Wednesday, August 24, 2011
(day fifty-six) Dancing in the rain
You ever have one of those "off days"? Seems like everything that happens around you is just plain weird, and you don't quite know how to respond to it? Well, I have those every now and then and today was one of them. Around 5 am I was dozing in and out of sleep as I hear this loud pounding of thunder right outside my window. All I could think was, "could somebody please turn off the lightning i'm trying to sleep here." Then later today I found out about four people murdered, two of whom have gone to our church. Although the rain had stopped, the storm continued...
All day long I've been troubled by some big decisions in my life. I know any decision in this case will be a good one, it's just one that's going to determine the next several years of my life. I have had cool job offers in the states, invitations to live long term in several countries, and opportunities to use my passions for the Lord anywhere in the world really. The possibilities are endless. But for a girl like me, this can sometimes be my hurdle. I suppose it draws me even closer to the throne of Christ, because I couldn't possibly make a decision without Him.
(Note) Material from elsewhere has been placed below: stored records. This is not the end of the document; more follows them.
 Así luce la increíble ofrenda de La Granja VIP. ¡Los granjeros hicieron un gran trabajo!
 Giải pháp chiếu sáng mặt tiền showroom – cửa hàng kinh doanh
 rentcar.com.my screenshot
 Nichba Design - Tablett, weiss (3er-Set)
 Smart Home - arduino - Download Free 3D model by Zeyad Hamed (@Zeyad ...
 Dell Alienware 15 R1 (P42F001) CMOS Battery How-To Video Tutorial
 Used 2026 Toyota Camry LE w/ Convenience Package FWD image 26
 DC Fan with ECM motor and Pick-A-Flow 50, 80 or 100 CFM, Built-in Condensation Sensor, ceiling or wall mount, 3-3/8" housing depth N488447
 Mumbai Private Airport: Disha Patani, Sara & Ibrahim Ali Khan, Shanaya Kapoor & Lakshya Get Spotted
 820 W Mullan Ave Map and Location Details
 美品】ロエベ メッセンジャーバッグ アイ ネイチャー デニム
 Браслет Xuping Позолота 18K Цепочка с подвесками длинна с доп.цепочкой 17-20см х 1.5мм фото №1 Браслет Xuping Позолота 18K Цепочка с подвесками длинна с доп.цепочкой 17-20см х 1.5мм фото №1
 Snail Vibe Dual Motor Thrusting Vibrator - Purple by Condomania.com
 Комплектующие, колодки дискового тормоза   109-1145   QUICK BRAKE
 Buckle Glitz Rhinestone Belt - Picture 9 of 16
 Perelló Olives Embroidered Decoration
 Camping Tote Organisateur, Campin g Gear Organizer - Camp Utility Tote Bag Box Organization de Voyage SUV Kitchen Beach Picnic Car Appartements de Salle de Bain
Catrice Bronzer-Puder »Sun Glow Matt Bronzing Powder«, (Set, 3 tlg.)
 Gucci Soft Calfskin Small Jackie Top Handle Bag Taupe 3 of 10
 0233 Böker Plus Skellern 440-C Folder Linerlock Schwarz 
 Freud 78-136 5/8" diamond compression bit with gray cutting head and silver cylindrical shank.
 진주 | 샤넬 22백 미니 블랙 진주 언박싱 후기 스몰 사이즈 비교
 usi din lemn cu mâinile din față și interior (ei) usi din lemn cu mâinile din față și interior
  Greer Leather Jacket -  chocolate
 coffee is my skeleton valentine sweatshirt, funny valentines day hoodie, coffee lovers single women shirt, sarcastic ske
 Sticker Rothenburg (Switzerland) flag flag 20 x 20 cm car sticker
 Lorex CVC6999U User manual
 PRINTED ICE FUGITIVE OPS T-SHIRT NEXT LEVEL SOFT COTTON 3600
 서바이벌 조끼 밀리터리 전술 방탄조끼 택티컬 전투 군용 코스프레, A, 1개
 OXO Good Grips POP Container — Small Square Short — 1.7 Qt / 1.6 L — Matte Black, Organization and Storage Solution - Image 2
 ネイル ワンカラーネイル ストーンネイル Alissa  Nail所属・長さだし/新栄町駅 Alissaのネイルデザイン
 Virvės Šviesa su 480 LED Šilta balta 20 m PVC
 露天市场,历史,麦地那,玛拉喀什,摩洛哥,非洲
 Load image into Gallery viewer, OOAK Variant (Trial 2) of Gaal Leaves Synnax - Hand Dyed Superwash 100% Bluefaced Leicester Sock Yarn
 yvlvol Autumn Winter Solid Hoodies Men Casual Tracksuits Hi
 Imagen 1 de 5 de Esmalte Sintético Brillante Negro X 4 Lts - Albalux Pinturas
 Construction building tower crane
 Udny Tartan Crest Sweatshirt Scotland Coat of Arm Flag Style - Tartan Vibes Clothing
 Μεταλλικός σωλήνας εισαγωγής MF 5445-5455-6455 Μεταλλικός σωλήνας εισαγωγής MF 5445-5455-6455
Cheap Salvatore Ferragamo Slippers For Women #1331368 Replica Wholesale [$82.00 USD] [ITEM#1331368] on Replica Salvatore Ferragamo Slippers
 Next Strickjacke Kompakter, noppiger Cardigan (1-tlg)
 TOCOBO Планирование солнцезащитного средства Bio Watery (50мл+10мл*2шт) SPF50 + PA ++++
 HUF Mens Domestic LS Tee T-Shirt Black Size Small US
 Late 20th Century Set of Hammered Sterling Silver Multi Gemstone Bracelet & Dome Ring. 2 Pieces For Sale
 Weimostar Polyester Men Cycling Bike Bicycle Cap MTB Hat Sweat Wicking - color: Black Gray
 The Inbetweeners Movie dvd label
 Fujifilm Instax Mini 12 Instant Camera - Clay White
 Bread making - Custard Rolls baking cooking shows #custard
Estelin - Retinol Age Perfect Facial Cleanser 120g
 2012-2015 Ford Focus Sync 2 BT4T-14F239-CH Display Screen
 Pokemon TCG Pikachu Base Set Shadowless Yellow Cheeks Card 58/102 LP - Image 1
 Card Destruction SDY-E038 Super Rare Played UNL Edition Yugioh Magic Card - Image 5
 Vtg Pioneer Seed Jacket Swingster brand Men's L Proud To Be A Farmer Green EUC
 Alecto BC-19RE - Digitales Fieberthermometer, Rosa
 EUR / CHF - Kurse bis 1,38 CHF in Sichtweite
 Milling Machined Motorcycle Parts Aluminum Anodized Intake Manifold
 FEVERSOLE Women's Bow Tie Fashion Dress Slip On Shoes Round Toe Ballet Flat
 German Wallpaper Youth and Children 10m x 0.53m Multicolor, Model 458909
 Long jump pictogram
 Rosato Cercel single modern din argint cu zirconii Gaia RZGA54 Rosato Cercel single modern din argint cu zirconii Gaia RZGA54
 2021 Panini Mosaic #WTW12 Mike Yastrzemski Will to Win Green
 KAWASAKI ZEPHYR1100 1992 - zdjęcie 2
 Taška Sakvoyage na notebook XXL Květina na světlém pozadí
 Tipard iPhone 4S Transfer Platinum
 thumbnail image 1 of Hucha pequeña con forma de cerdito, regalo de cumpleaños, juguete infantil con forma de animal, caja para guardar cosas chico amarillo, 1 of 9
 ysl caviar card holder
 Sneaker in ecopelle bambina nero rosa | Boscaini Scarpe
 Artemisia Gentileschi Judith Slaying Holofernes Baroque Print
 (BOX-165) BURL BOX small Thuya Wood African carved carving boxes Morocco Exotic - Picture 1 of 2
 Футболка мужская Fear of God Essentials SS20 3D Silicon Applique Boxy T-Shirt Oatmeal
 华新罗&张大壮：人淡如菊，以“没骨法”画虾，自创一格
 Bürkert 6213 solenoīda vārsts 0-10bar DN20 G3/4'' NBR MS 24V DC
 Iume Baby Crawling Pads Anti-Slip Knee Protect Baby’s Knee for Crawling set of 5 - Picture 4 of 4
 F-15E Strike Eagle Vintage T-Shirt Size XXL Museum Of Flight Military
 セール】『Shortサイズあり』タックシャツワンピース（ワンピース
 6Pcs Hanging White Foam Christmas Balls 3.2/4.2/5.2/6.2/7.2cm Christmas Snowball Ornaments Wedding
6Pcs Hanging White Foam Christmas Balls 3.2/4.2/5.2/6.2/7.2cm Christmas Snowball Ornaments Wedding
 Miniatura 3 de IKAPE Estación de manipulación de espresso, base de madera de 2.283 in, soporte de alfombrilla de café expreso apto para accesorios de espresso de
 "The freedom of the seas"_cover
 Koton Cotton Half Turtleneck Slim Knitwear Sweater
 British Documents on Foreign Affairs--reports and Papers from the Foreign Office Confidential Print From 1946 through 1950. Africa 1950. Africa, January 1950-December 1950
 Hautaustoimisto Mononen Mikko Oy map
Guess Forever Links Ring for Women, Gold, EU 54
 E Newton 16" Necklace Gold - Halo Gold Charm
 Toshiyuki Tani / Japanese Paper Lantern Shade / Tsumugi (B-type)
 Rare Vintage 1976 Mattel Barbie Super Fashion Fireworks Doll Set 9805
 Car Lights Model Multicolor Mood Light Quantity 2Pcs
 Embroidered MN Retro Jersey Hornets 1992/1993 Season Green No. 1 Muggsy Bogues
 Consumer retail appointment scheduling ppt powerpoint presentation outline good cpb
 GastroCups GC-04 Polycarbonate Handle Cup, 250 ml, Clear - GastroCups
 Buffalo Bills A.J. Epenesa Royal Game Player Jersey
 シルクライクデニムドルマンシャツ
I also know that sometimes He lets us make up our own mind if it aligns with His word and will for us. A large majority of the world is happy with being in one place for a really long time doing one particular thing... whereas I am happiest serving globally, learning how to do many things, broadening my horizons culturally, and meeting all kinds of people. Nevertheless, I do grow weary. Sometimes I envy those who are content or have been called to stay put, but other times I feel as though that might drive me a little crazy. I suppose the grass really is always greener on the other side.
But I also wreckin' the grass wouldn't be so green if it weren't for the rain and storms. Sometimes on "our side" of the fence we can peer through the cracks and suddenly feel discontent with the yard we're standing in. We often desire the good or attractive things about someone else's life, but discount the storm they walked through to get there. I know that God has a particular design for each of our lives, but I also know that sometimes we settle for less than His desire for us because we find a comfortable spot to set up camp. But then again, you may be someone who is taking extreme risks all the time... but can't seem to find the courage to commit to anything. This is a hard realization I'm beginning to discover about myself. There has got to be a balance, right?
Is it possible for us (and I know it must be).... to be a "risk taker", follow the Lord in complete abandonment, be sensitive to His calling for you and your family, be content with our "yard" (life) while always seeking more of Him, rejoicing in other peoples "yards" without becoming envious of their landscaping (hahaha), and not being judgmental or gossiping neighbors but living in true community wherever in the world you may find yourself? Loving each other's journey's, and letting God be our consistent factor.
As I had all of these big decisions swirling around in my head today not really knowing what to do with any of them... I found myself just wanting someone to tell me what to do. That would be sooooo much easier. Like a husband or a boss or something. Then I felt God say to me... "Linds, just focus on being my daughter today." This immediately took the pressure off as I let go of the stressful burdens squeezing my heart and let Him figure it all out.
As I began to sit and be a kid.... suddenly the "storms" seemed to become a playground. I remember when I was young how much we loved when it rained. My sister and I would get our bathing suits on and go outside and just dance around trying to catch each raindrop on our tongue. The beautiful summer rain was such a relief from the miserable heat of the sun. We equated rain with play time, appreciating every single drop.
As adults we run from the rain...we tend to shelter ourselves from the way it might alter our hair, makeup or clothing that day. We see it as more of an annoyance rather than a necessity for growth. Without storms, we'd always stay the same... and we would never be challenged for more. With them we have the opportunity for change, insight, wisdom, and growth. Who really wants a dull, boring, dry life with dead grass? Not me! I know it's hard when you're right in the middle of the storm... but we must push through to His promises knowing He's going to follow through. Don't forget, the rainbows (His promises) are always there... we just don't always see them unless the conditions are just right and it's time.
B90: (Jeremiah 18- 30:24) "For I know the plans I have for you, declares the Lord, plans for WHOLENESS and not for evil, to give you a future and a hope. Then you will call upon me and come and pray to me, and I will hear you. You will seek me and f ind me. When you seek me with all our heart, I will be found by you, declares the Lord. " Jer 29:11-13
He does have a plan and purpose for it all... for us all. I pray that even when we don't exactly see what that is, we will see our purpose to seek His face. As we seek Him, especially through the storms, His plan for you and the world will begin to be unveiled to you. We must also remember that it's not about us... it's about Him and only Him. We are so blessed to be able to be used by Him every day, and to have a real relationship with a God who loves us so very much. Quick... run outside and dance in the rain a little while. Remember what it's like to be a kid, not care about appearance and trust that God will completely take care of your needs and your future.